Since 07:44, 14 December 2016, Exposed Pallet (EP) was extracted from Unpressurised Logistics Carrier (ULC) of Kounotori 6 by SSRMS and transferred to Payload and ORU Accommodation (POA). After a combination of two Extra-Vehicular Activities and robotic operations, the lithium-ion battery units and adapter plates were installed. The Exposed Pallet carrying old Nickel-hydrogen battery units was returned to Kounotori 6's Unpresurised Logistics Carrier on 23 January 2017.

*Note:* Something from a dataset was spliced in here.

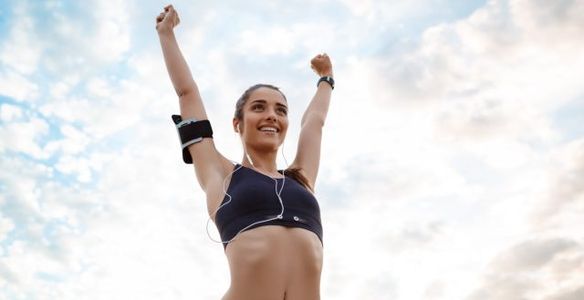 A importância da atividade física para a saúde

=== Departure from the ISS and re-entry to the Earth atmosphere ===
SSRMS grappled and detached Kounotori 6 from the CBM of Harmony nadir port at 10:59, 27 January 2017, and Kounotori 6 was released at 15:45, on 27 January 2017.

Following the undocking after moving to a safe distance from ISS, the Kounotori 6 was to demonstrate the "Kounotori Integrated Tether Experiment" (KITE) using electrodynamic tether to demonstrate
space debris removal technology. This experiment was planned for seven days before reentry to the Earth's atmosphere. On 31 January 2017, media reported some problems in extending the tether, bringing to doubt the experiment's success.

A series of deorbit manoeuvres were performed at 08:42, 10:12, and 14:42 UTC, on 5 February 2017. Kounotori 6 reentered to Earth atmosphere over southern Pacific Ocean around 15:06 UTC, on 5 February 2017.